» Work order
Only the lines from the start of the data through the line containing "Cat & Jack Light Pink Girls' Swim Top 2T" should be written out, exactly as they are, with both ends included and the pictures left out.

------

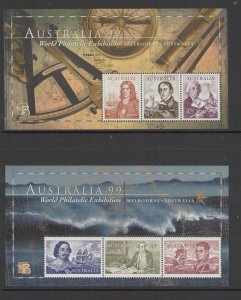 AUSTRALIA SGMS1852 1999 AUSTRALIA 99 STAMP EXHIBITION MNH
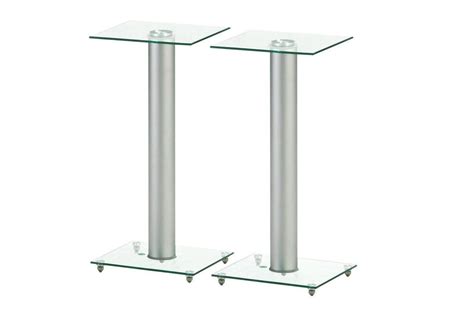 Monoprice Glass Speaker Stand Inch Pair With Cable Management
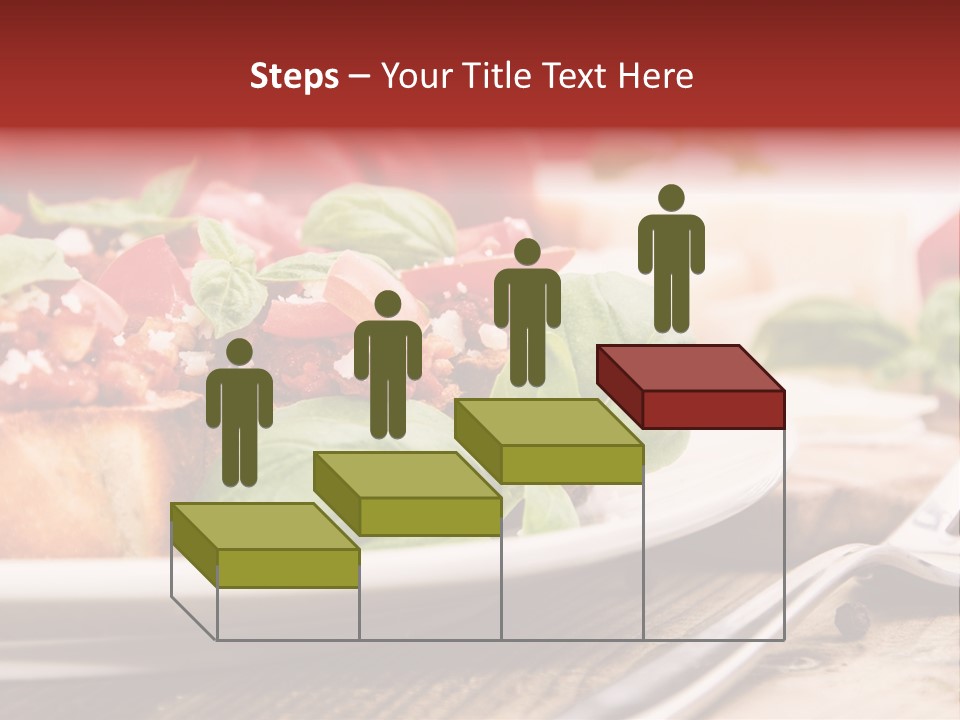 Studio Shot Sauce Baguette PowerPoint Template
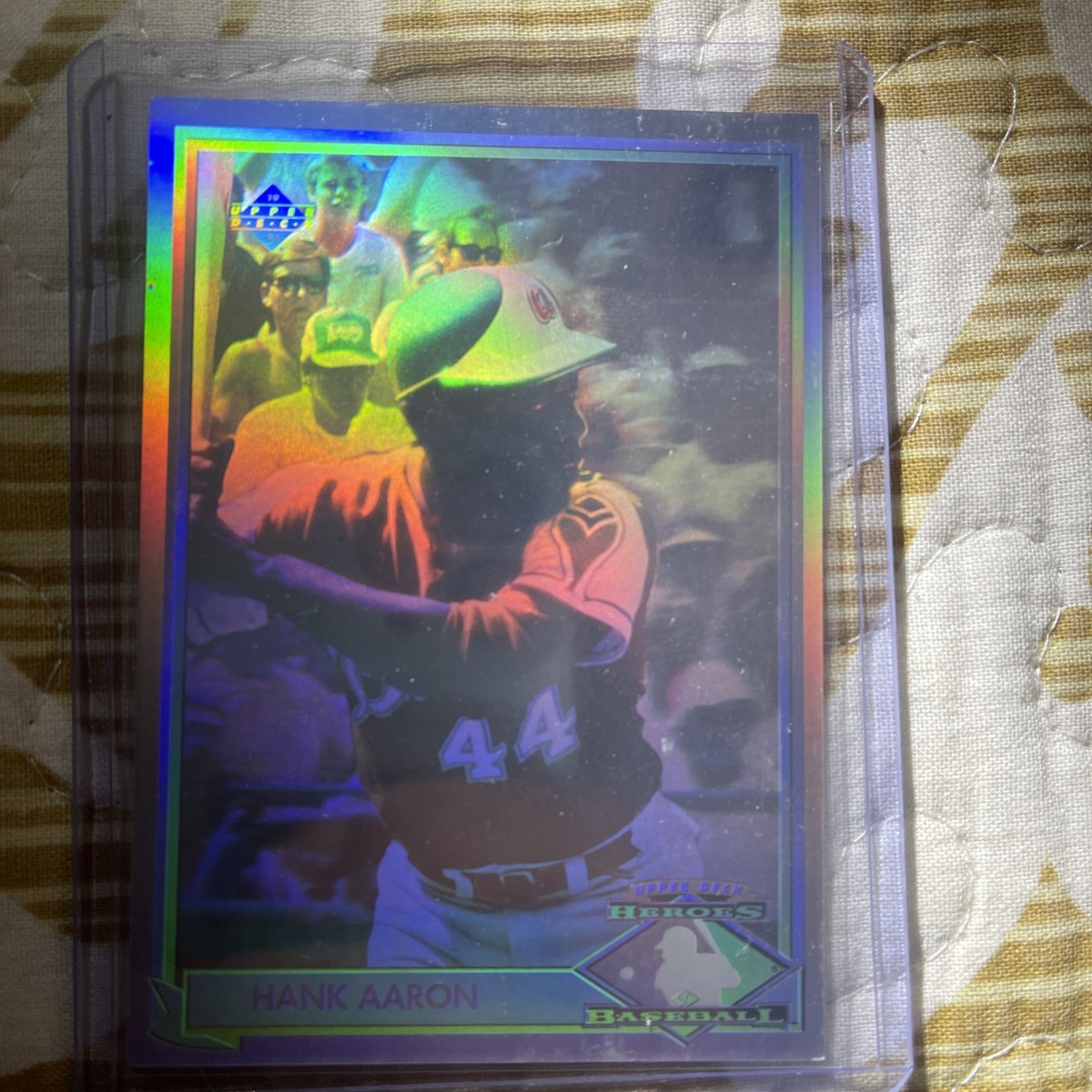 1991 Upper Deck Heroes Hologram Hank Aaron #HH1 HOF Braves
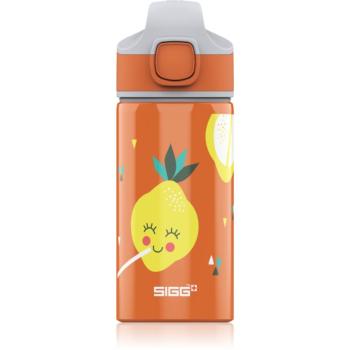 Sigg Miracle sticlă de apă pentru școală cu pai Lemon 400 ml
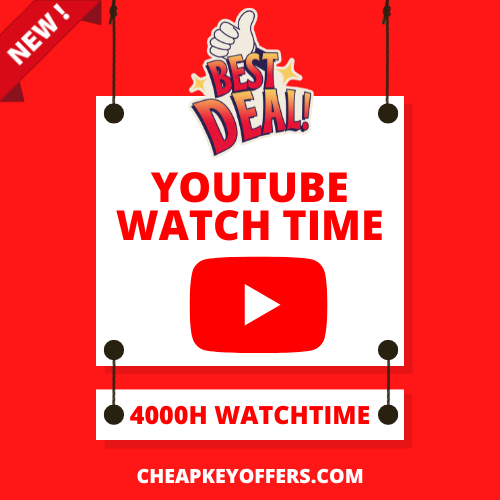 youtube 4000 hours watch time buy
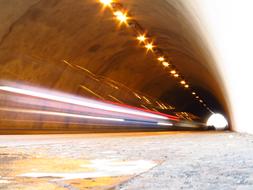 Tunnel Motorcycle Resin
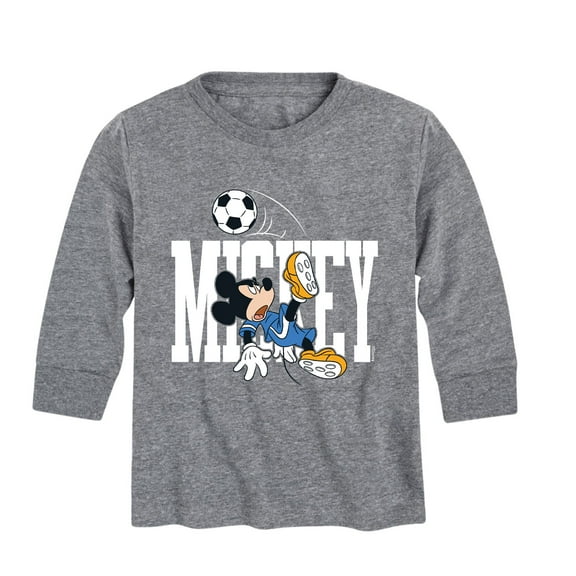 Mickey & Friends - Mickey Soccer - Toddler And Youth Long Sleeve Graphic T-Shirt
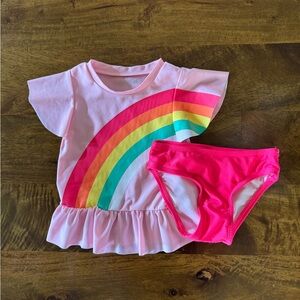 Cat & Jack Light Pink Girls' Swim Top 2T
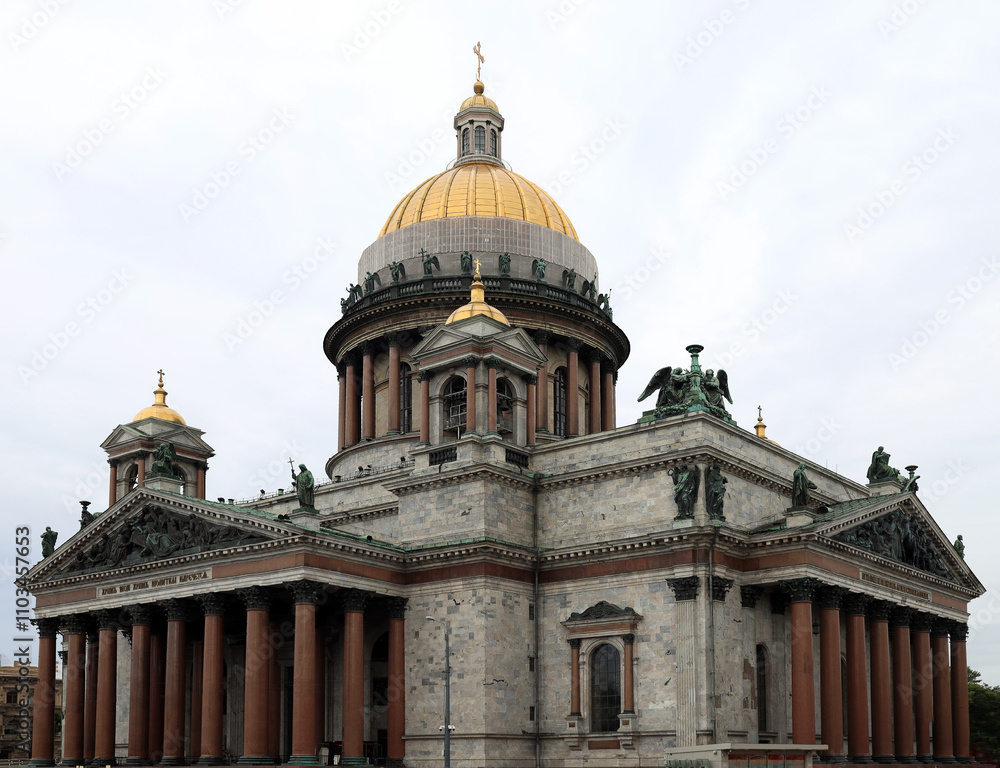 The largest Orthodox church, St. Isaac's Cathedral (Cathedral of St. Isaac of Dalmatia) in St. Petersburg, Russia The largest Orthodox church, St. Isaac's Cathedral (Cathedral of St. Isaac of Dalmatia) in St. Petersburg, Russia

------

» Answer to this problem
 AUSTRALIA SGMS1852 1999 AUSTRALIA 99 STAMP EXHIBITION MNH
 Monoprice Glass Speaker Stand Inch Pair With Cable Management
 Studio Shot Sauce Baguette PowerPoint Template
 1991 Upper Deck Heroes Hologram Hank Aaron #HH1 HOF Braves
 Sigg Miracle sticlă de apă pentru școală cu pai Lemon 400 ml
 youtube 4000 hours watch time buy
 Tunnel Motorcycle Resin
 Mickey & Friends - Mickey Soccer - Toddler And Youth Long Sleeve Graphic T-Shirt
 Cat & Jack Light Pink Girls' Swim Top 2T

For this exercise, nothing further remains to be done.